- Entries shown -
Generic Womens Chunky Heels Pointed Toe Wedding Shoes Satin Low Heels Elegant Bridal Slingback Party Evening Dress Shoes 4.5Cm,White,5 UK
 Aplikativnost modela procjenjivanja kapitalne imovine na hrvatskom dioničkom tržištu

==

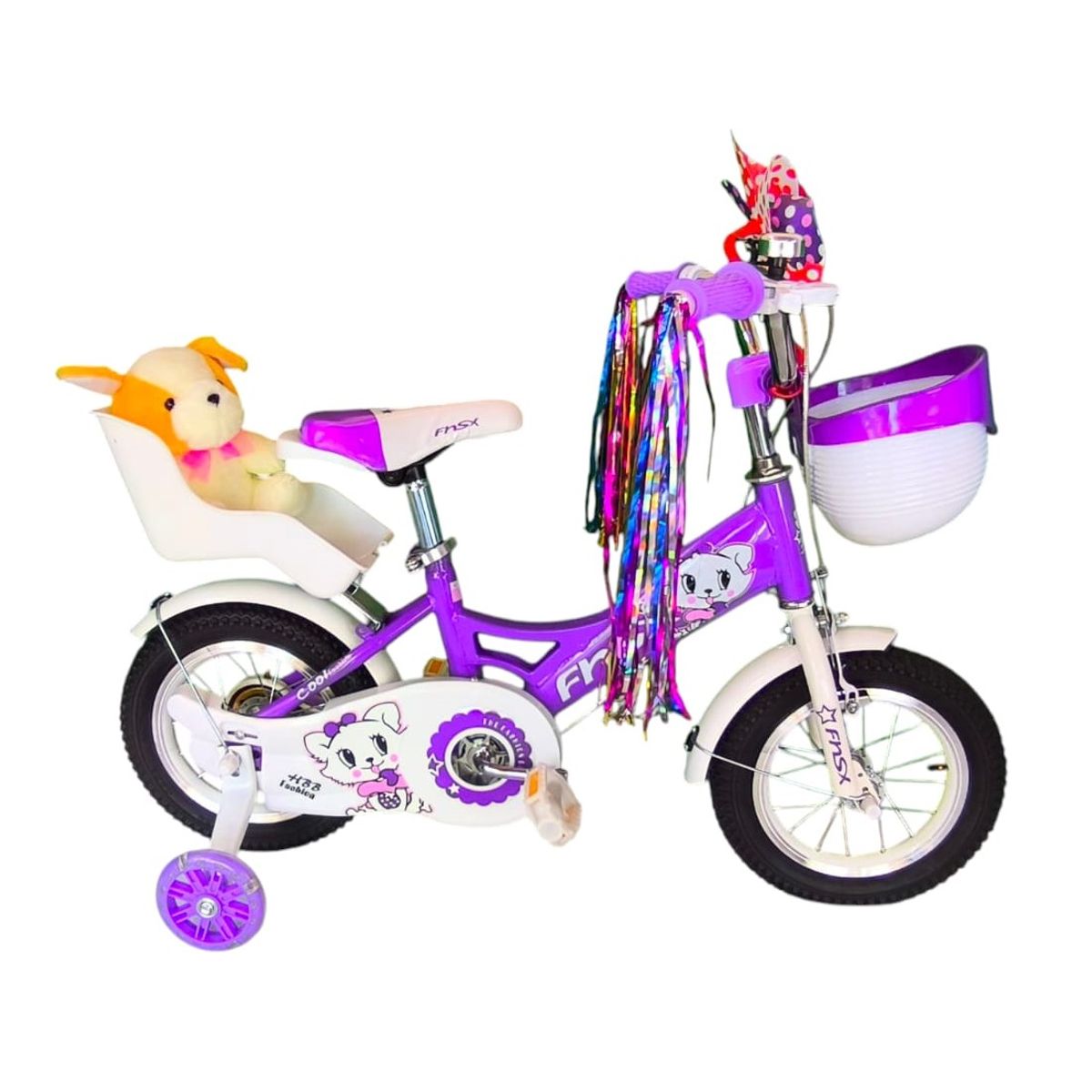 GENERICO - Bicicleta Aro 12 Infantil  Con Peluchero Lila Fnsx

--

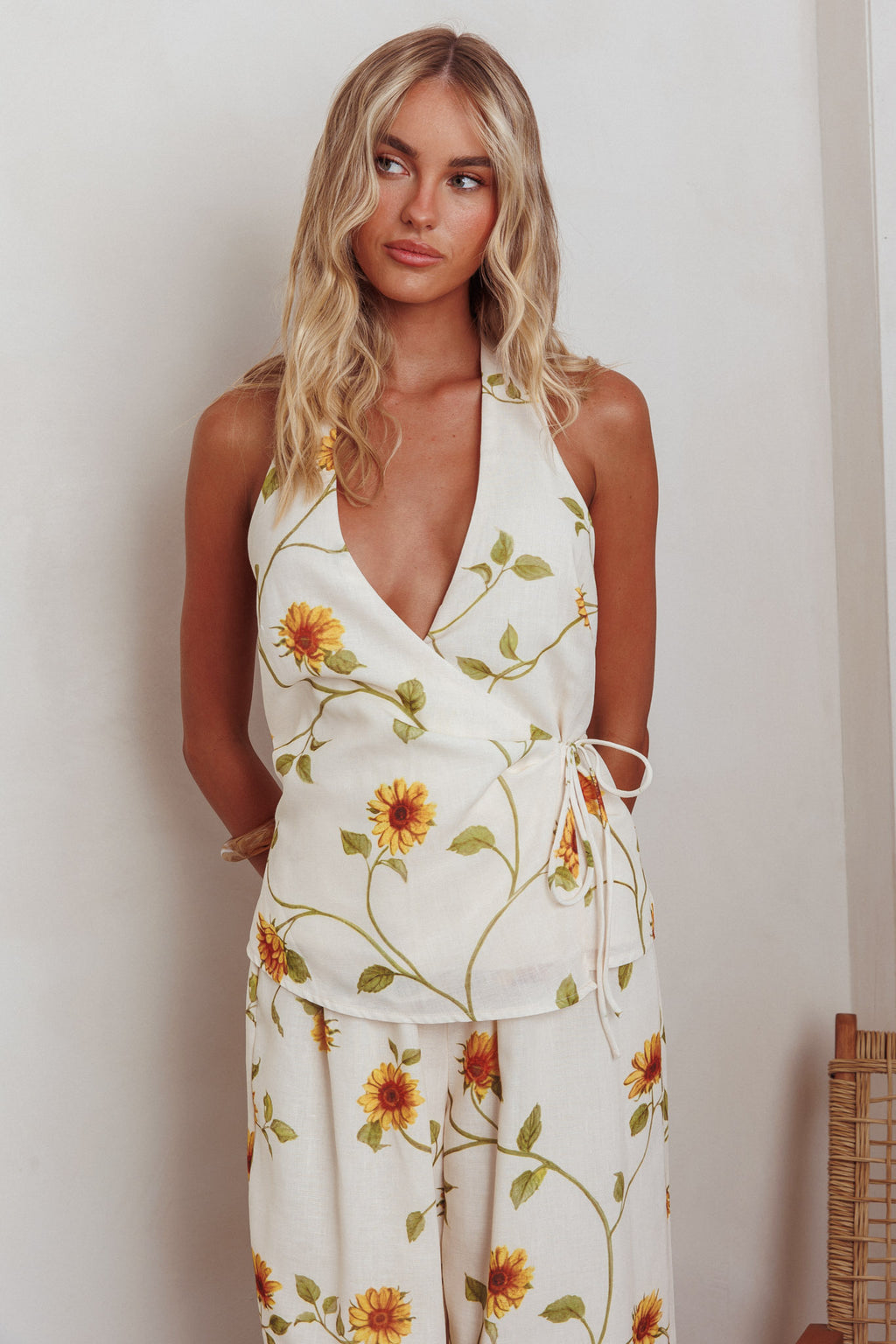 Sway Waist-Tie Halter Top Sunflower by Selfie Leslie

- Your task -
Using the data above, transcribe the lines that run from the line with "Generic Womens Chunky" to the line with "Aplikativnost modela procjenjivanja", both ends kept, and output nothing else.

- Expected answer -
Generic Womens Chunky Heels Pointed Toe Wedding Shoes Satin Low Heels Elegant Bridal Slingback Party Evening Dress Shoes 4.5Cm,White,5 UK
 Aplikativnost modela procjenjivanja kapitalne imovine na hrvatskom dioničkom tržištu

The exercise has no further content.